[MDEV-28180] BF lock wait long for trx Created: 2022-03-28 Updated: 2024-01-04 |
|
| Status: | Open |
| Project: | MariaDB Server |
| Component/s: | Galera, Storage Engine - InnoDB |
| Affects Version/s: | 10.6.5, 10.3.34, 10.8.5 |
| Fix Version/s: | 10.6 |
| Type: | Bug | Priority: | Major |
| Reporter: | Khai Ping | Assignee: | Seppo Jaakola |
| Resolution: | Unresolved | Votes: | 4 |
| Labels: | None | ||
| Environment: |
3 node Galera multi-master cluster. MariaDB 10.6.5 and Galera 26.4.9 |
||
| Description |
|
We are facing random and intermittently issue with our 3 node galera multi-master cluster since 10.2. This When this BF lock issue happens, the affected node simply block/lock out the whole cluster and none of our clients can read/write. The only way to get out of it is to kill the affected node and let it join via IST.

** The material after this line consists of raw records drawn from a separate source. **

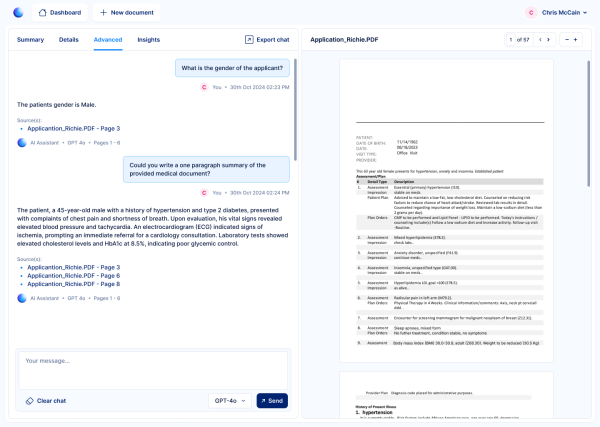 AI Assistant advanced search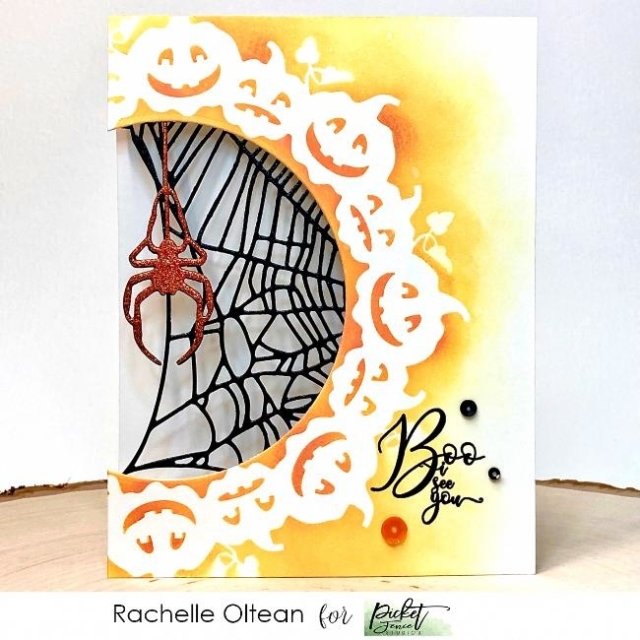 Picket Fence Studios Schablone Stencil 6 x 6 inch Jack-o-Lantern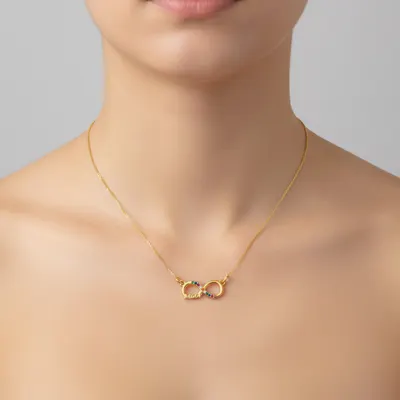 Colar Infinito Ouro Cravejado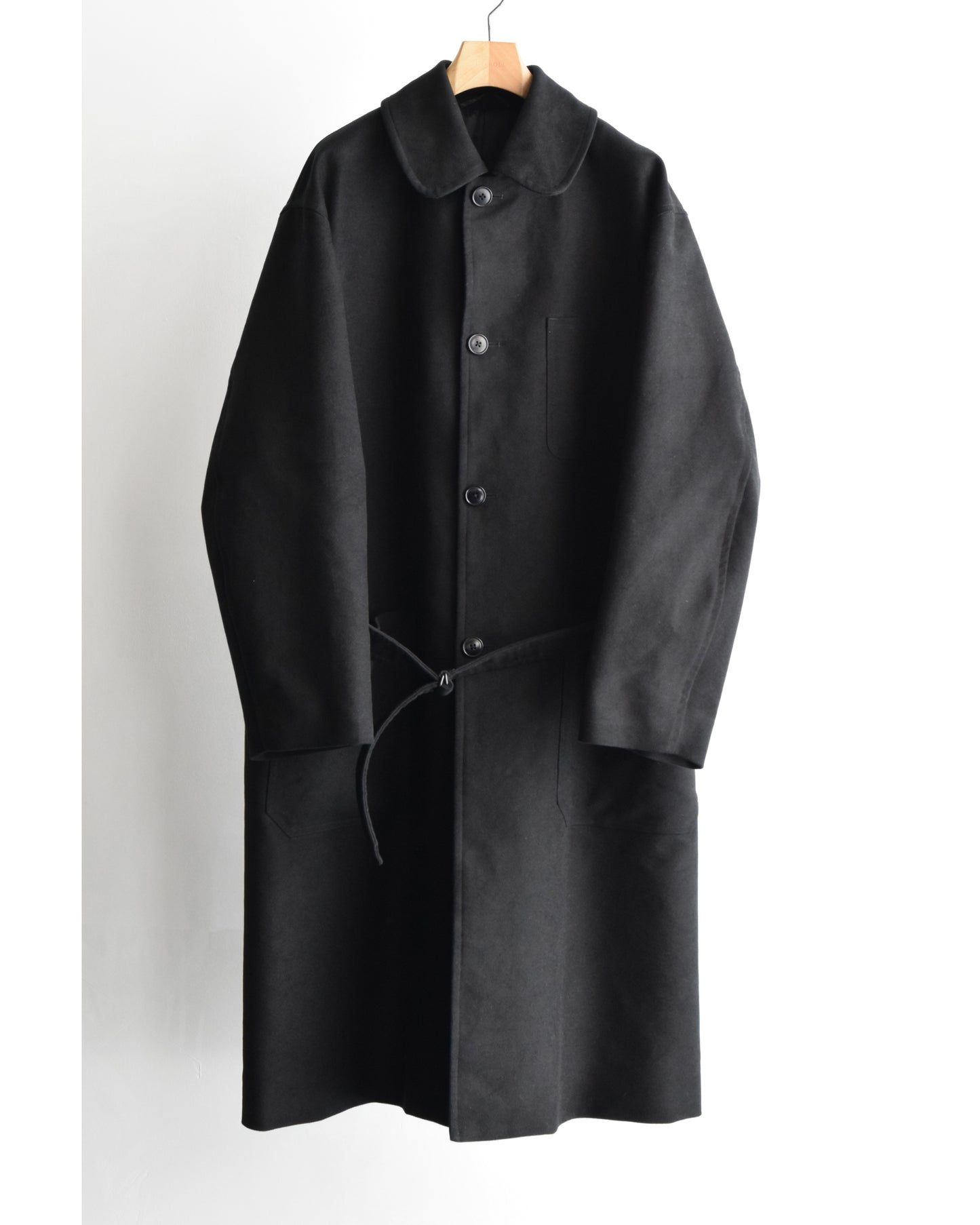 モールスキン ミリタリーコート BLACK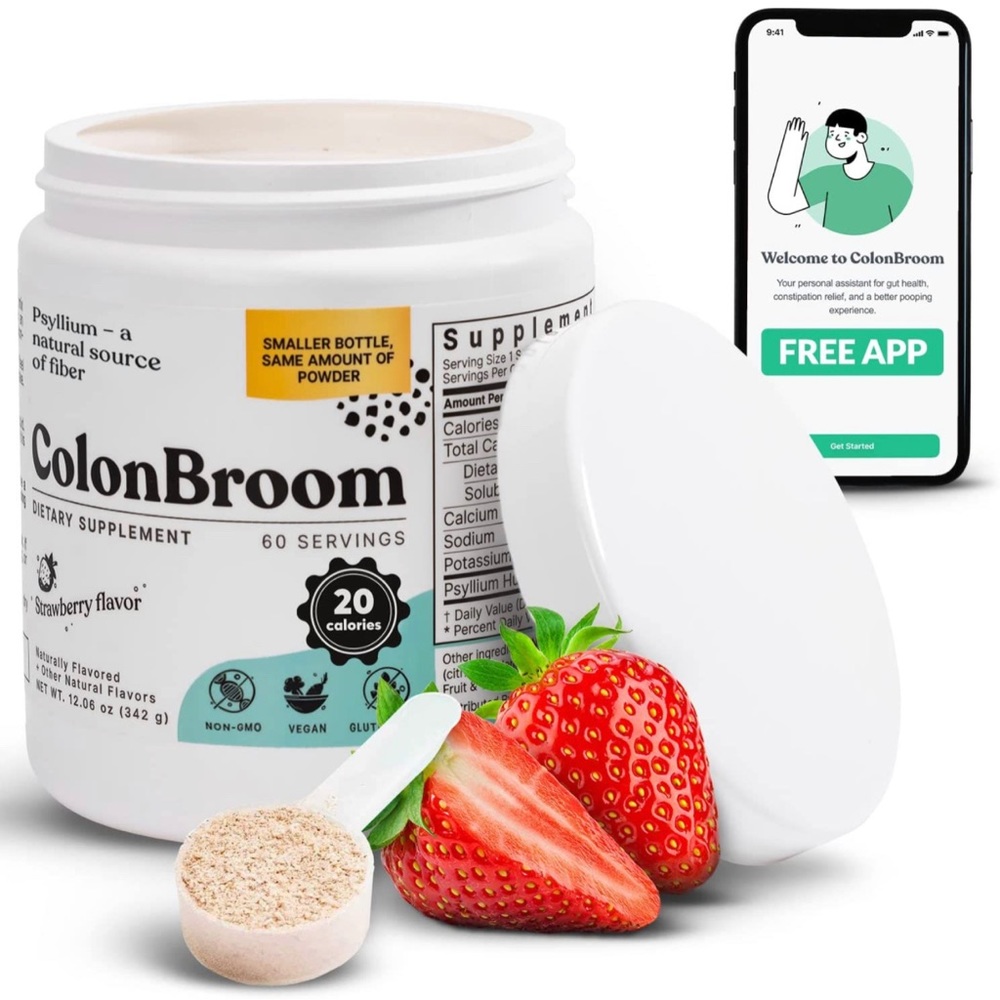 2 canisters of Strawberry Colon Broom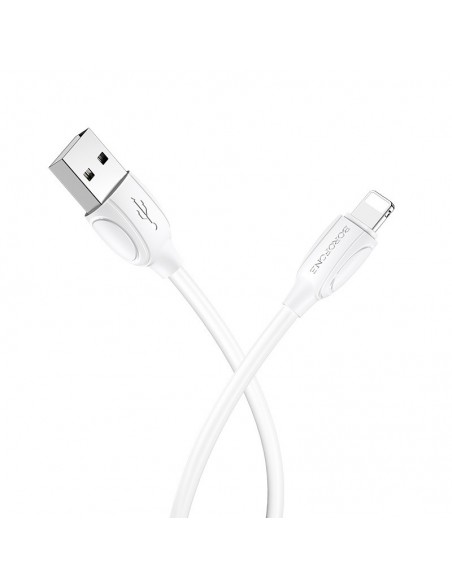 USB kabelis Borofone BX19 USB-A to Lightning 1.0m baltas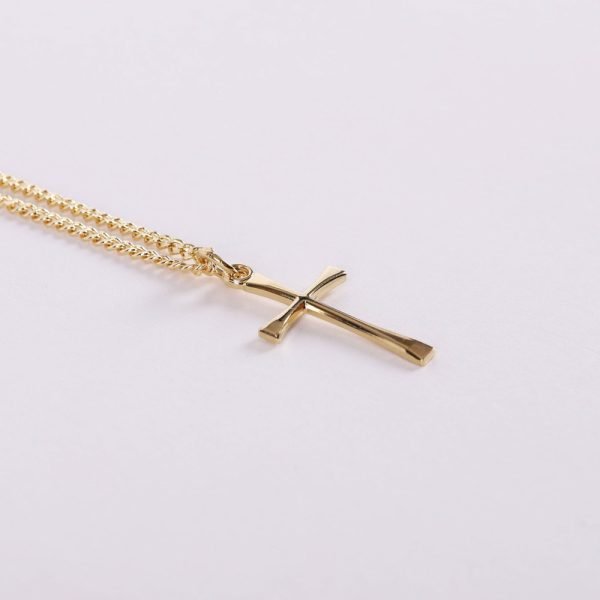 Necklace - Cross Gold Over Sterling Silver - 18" | Swanson Christian Products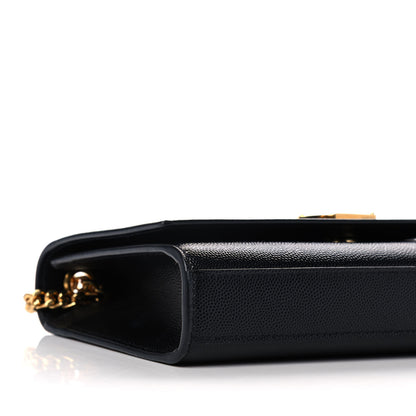Saint Laurent Grain De Poudre Medium Classic Monogram Kate Satchel Black 10 of 11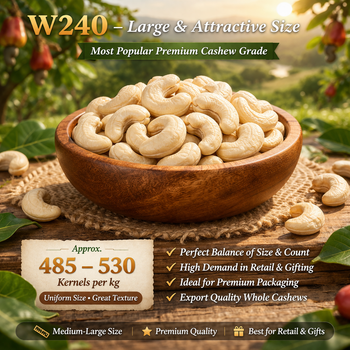Premium Natural Authentic Konkan Cashew W240 | Large Kaju Nuts | Goa Origin Fresh Cashews – Oh My Kaju™ - Marquelle Ventures Pvt Ltd - India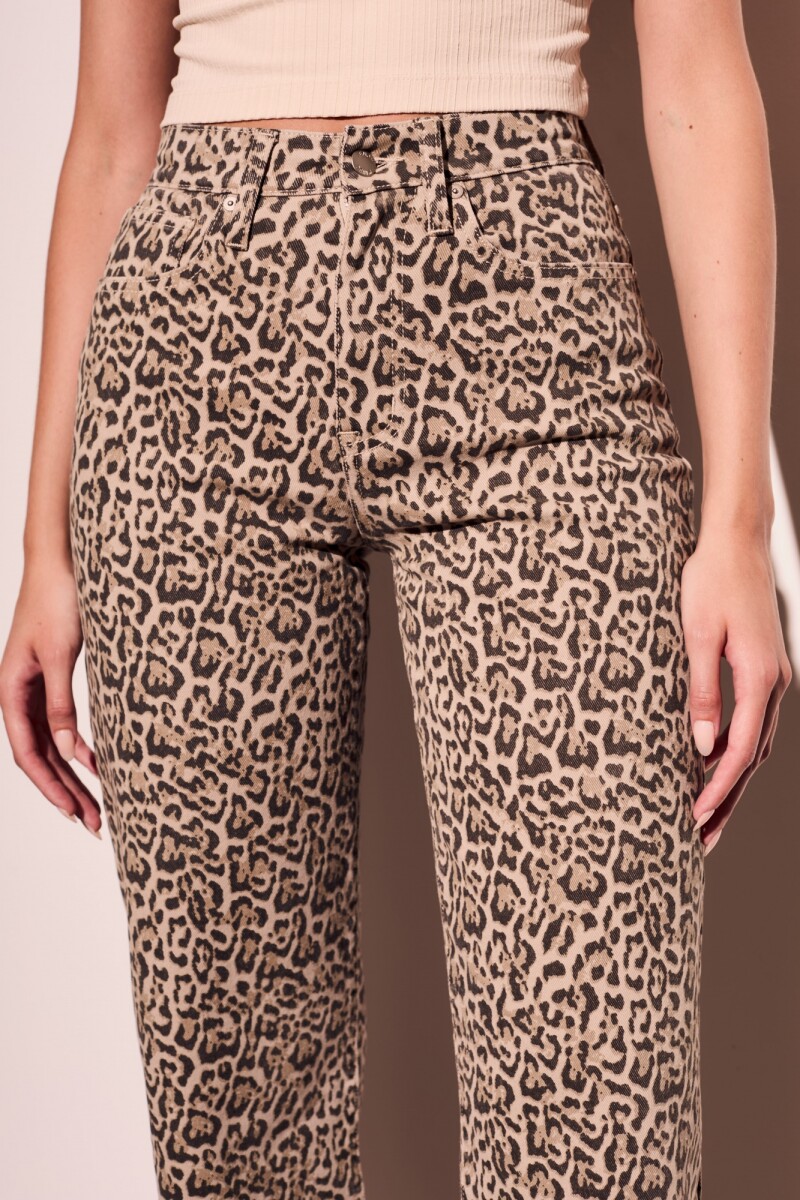 Jean Recto Animal Print Animal Print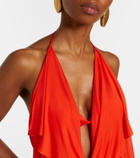 Loewe Paula's Ibiza crêpe jersey maxi dress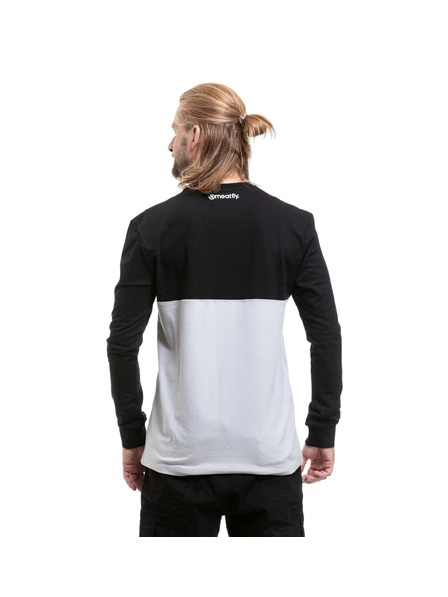 Meatfly Muška majica dugih rukava Meatfly Harvey Black / Quiet Gray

These errors keep looping itself. Is this a known issue? |
| Comments |
| Comment by Karl Dane [ 2022-05-04 ] | |
|
We're encountering the same issue with almost the same setup: 3-node galera multi-master. , running MariaDB 10.3.34, Galera 25.3.35. Everything will be running fine for hours or days, and then one node will get into a state, dragging down the rest of the cluster. Logs fill up with hundreds of:
Cluster doesn't recover until the affected node is killed. | |
| Comment by Khai Ping [ 2022-05-09 ] | |
|
we resolve it by reverting the wsrep_slave_threads from 2 to 1. | |
| Comment by Luke Cousins [ 2022-10-20 ] | |
|
We're getting this issue almost weekly on our 3 node cluster running 10.8.5. There's nothing in the logs before a barrage of `InnoDB: WSREP: BF lock wait long for trx:0xdc38a55 query:...` messages and to clear the issue the node needs to be force killed, have its data dir cleared and a full SST. IST fails. Until we kill the node the entire cluster is locked up. What can we do to help get this fixed? How can we get information to help you fix it? Thanks. | |
| Comment by Kin [ 2023-04-19 ] | |
|
Thanks @Khai Ping, it appears that wsrep_slave_threads was set with default value 4 in our Bitnami mariadb galera helmchart. | |
| Comment by Khai Ping [ 2023-04-19 ] | |
|
@kin, do you mean you also faced the same issue as us and you resolved it by setting wsrep_slave_threads to 1 too? | |
| Comment by Kin [ 2023-04-19 ] | |
|
@Khai Ping, yes. My wsrep_slave_threads had a value of 4 while my pod has a CPU request/limit of 500 mCPU. This causes one or more nodes to have wsrep issues like "BF lock wait long" , "WSREP: BF applier failed to open_and_lock_tables:" which leads to the nodes to be not in quorum. I first tried to test with wsrep_slave_threads=1 which dispite with 500 mCPU it runs stable. Then I have set my CPU request/limit to 3 CPU for my pod spec and set wsrep_slave_threads=3. I am running and testing this config for two days and it runs stable. All this is based on the official documentation on "wsrep_slave_threads" where it is stated that it should be the nr. of CPU cores. | |
| Comment by Khai Ping [ 2023-04-19 ] | |
|
@kin, ic, thats great news to hear that it resolve it for you. | |
| Comment by Kin [ 2023-05-17 ] | |
|
@Khai Ping, unfortunately a write conflict occurred after running it for two weeks without issues. Gonna set it back to 1 and see if this wil run stable for a longer period. |